• Data shown
___

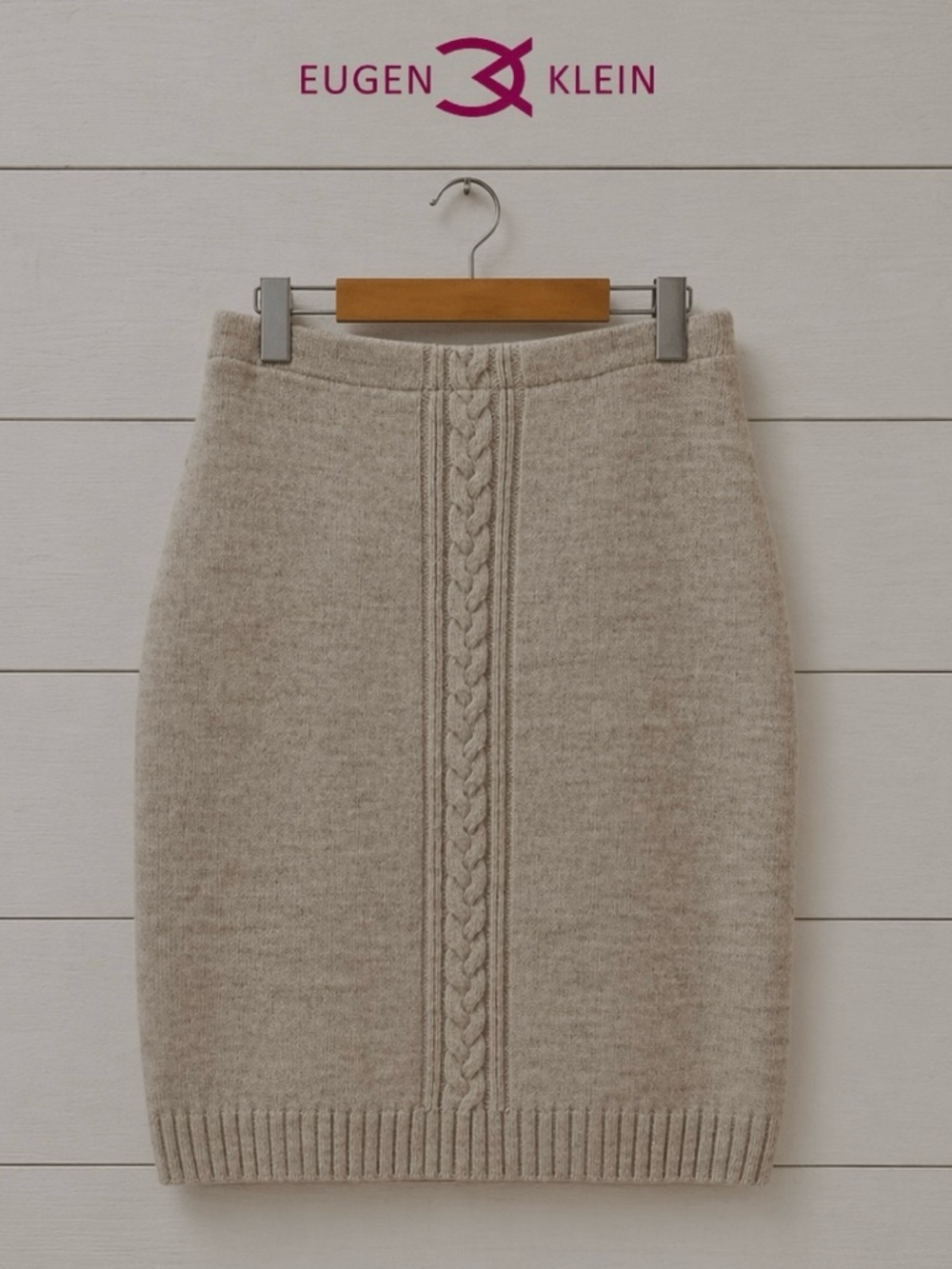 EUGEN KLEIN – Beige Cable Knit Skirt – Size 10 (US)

___

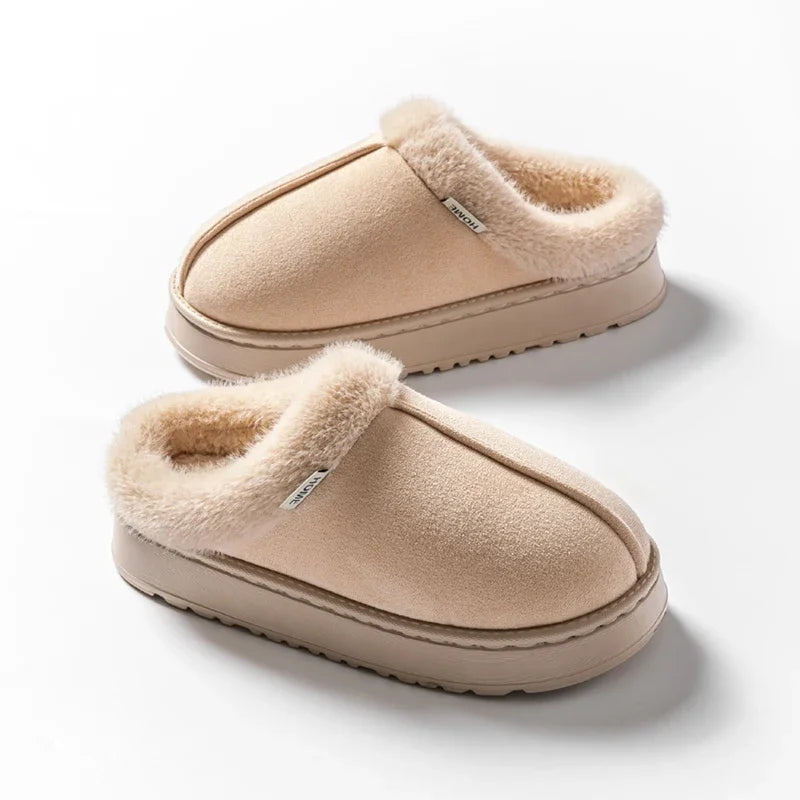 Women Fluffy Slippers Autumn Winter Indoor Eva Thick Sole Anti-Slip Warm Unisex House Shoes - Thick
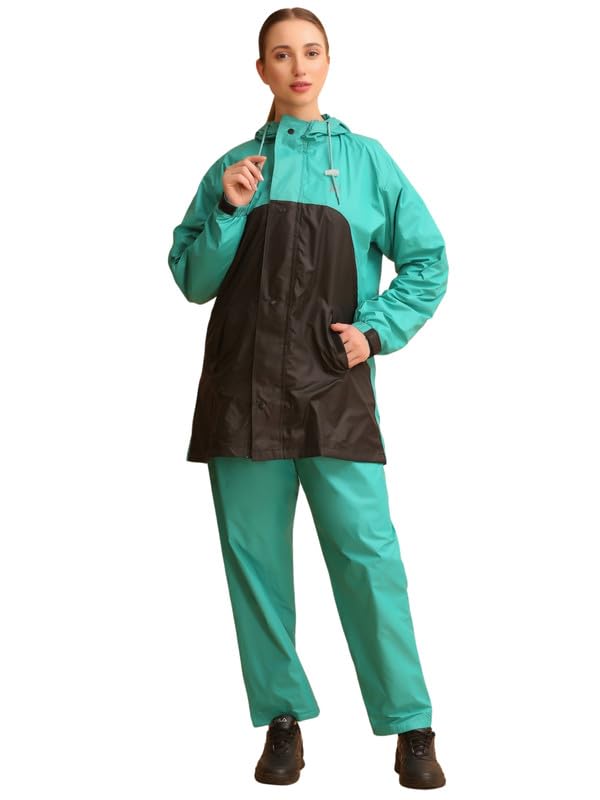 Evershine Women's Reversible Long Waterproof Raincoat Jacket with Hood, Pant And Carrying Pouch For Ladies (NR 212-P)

___

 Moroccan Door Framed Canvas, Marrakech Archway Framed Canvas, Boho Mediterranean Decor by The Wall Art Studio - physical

___

• Work task
Reproduce, word for word, everything in the listing above from the line containing "Women Fluffy Slippers" down to the line containing "Evershine Women's Reversible", both of them included. No pictures.

• Your response
 Women Fluffy Slippers Autumn Winter Indoor Eva Thick Sole Anti-Slip Warm Unisex House Shoes - Thick
 Evershine Women's Reversible Long Waterproof Raincoat Jacket with Hood, Pant And Carrying Pouch For Ladies (NR 212-P)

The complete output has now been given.